- [Raw data]
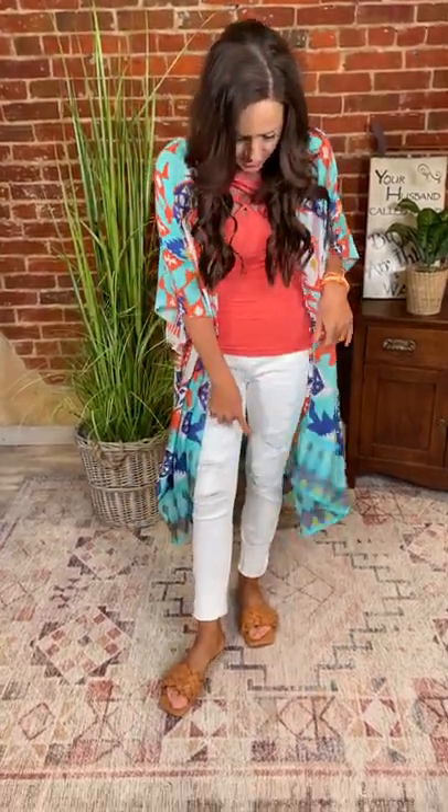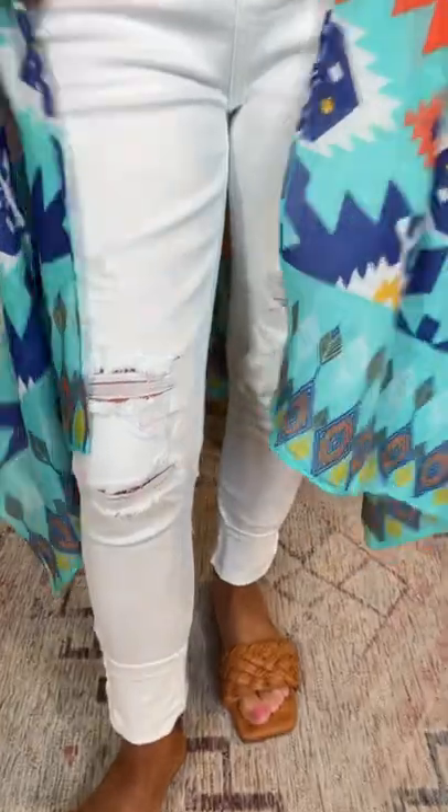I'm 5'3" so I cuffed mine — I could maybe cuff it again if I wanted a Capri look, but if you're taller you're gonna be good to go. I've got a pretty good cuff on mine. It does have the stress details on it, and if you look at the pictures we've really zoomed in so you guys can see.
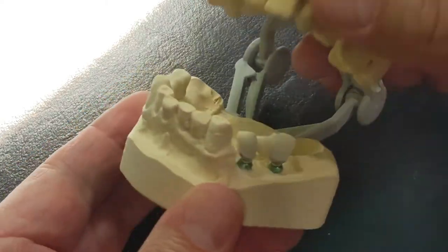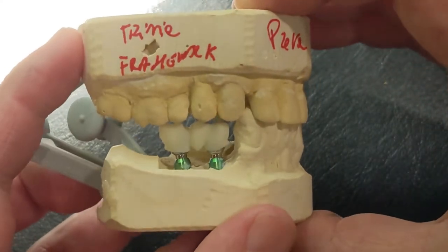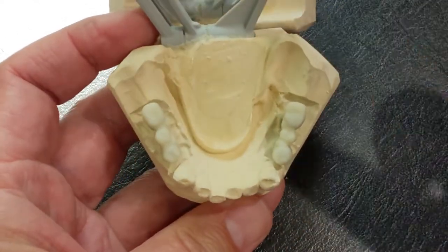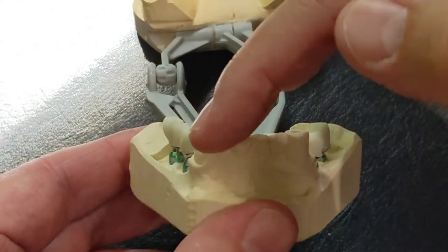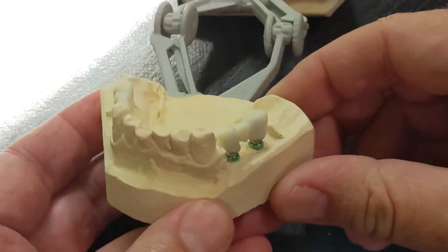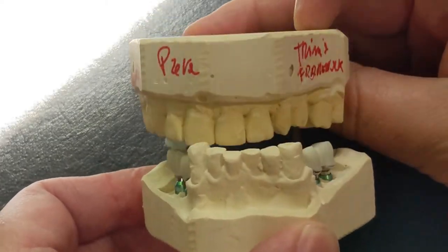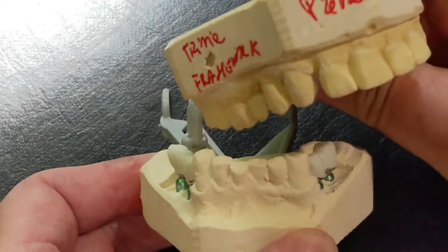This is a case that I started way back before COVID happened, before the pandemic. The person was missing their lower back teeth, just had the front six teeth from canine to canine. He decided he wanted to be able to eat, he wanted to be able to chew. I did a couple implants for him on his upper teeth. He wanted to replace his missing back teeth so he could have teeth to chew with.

...

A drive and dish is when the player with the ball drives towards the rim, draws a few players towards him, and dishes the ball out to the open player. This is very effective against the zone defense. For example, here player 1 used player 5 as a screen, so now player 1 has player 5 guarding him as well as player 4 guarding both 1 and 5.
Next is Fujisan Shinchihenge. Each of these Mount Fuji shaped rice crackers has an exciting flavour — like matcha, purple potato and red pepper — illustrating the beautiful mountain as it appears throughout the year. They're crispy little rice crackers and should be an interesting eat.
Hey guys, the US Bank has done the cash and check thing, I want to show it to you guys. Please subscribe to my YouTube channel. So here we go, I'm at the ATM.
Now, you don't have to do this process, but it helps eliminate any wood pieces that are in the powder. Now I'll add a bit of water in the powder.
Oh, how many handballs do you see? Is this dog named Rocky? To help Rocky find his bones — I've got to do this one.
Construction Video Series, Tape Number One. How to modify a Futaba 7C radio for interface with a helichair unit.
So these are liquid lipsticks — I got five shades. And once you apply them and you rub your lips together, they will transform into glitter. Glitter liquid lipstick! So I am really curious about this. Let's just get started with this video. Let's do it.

--

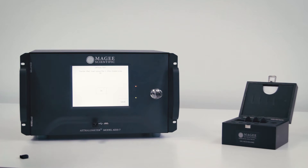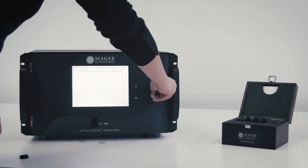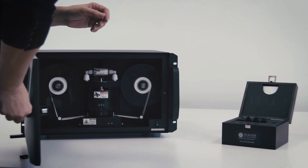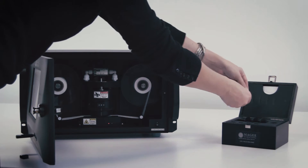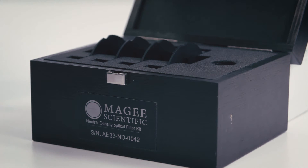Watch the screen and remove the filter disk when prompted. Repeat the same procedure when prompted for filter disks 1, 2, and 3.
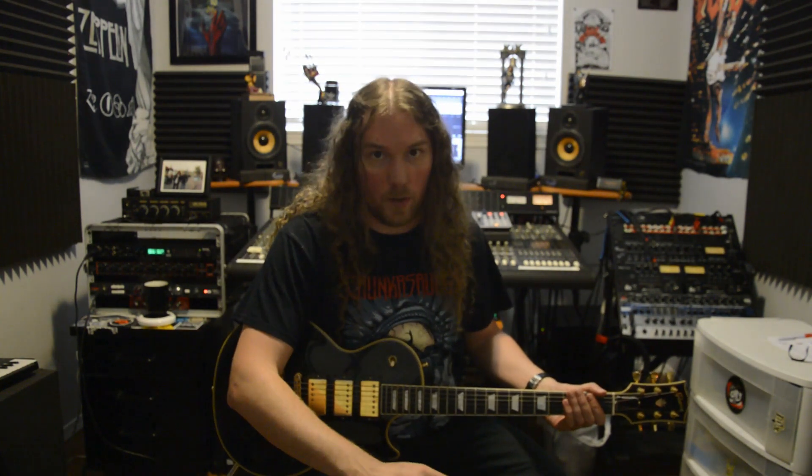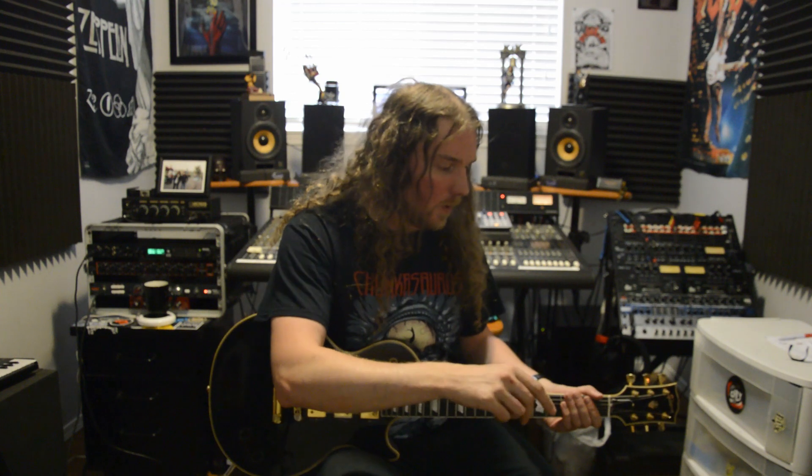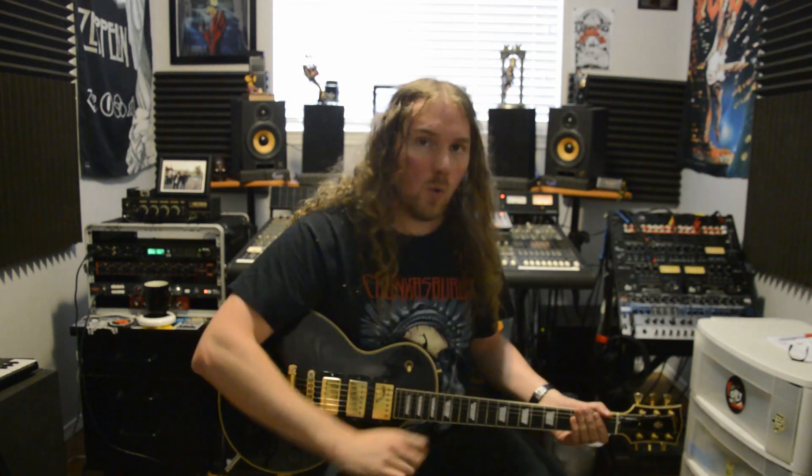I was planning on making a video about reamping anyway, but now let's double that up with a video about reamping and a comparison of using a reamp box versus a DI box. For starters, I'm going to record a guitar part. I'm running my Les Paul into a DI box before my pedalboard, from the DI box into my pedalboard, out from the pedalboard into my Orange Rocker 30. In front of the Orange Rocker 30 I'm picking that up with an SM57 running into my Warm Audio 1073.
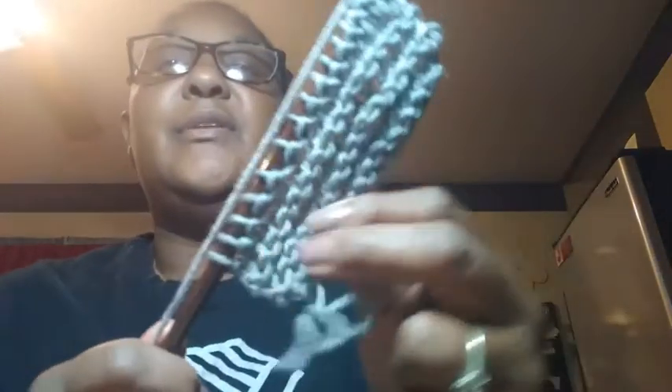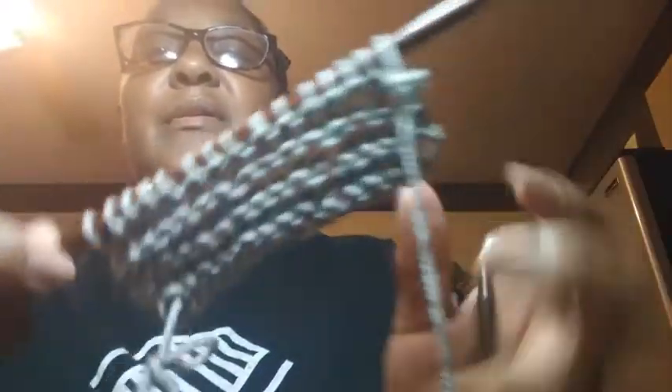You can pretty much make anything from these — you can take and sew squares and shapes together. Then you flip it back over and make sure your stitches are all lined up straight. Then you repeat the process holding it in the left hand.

- [What is needed] Look above for the line holding "A drive and" and the line holding "So these are", then output exactly those two lines and every line between them, nothing more.

- [Solution for this problem]
A drive and dish is when the player with the ball drives towards the rim, draws a few players towards him, and dishes the ball out to the open player. This is very effective against the zone defense. For example, here player 1 used player 5 as a screen, so now player 1 has player 5 guarding him as well as player 4 guarding both 1 and 5.
Next is Fujisan Shinchihenge. Each of these Mount Fuji shaped rice crackers has an exciting flavour — like matcha, purple potato and red pepper — illustrating the beautiful mountain as it appears throughout the year. They're crispy little rice crackers and should be an interesting eat.
Hey guys, the US Bank has done the cash and check thing, I want to show it to you guys. Please subscribe to my YouTube channel. So here we go, I'm at the ATM.
Now, you don't have to do this process, but it helps eliminate any wood pieces that are in the powder. Now I'll add a bit of water in the powder.
Oh, how many handballs do you see? Is this dog named Rocky? To help Rocky find his bones — I've got to do this one.
Construction Video Series, Tape Number One. How to modify a Futaba 7C radio for interface with a helichair unit.
So these are liquid lipsticks — I got five shades. And once you apply them and you rub your lips together, they will transform into glitter. Glitter liquid lipstick! So I am really curious about this. Let's just get started with this video. Let's do it.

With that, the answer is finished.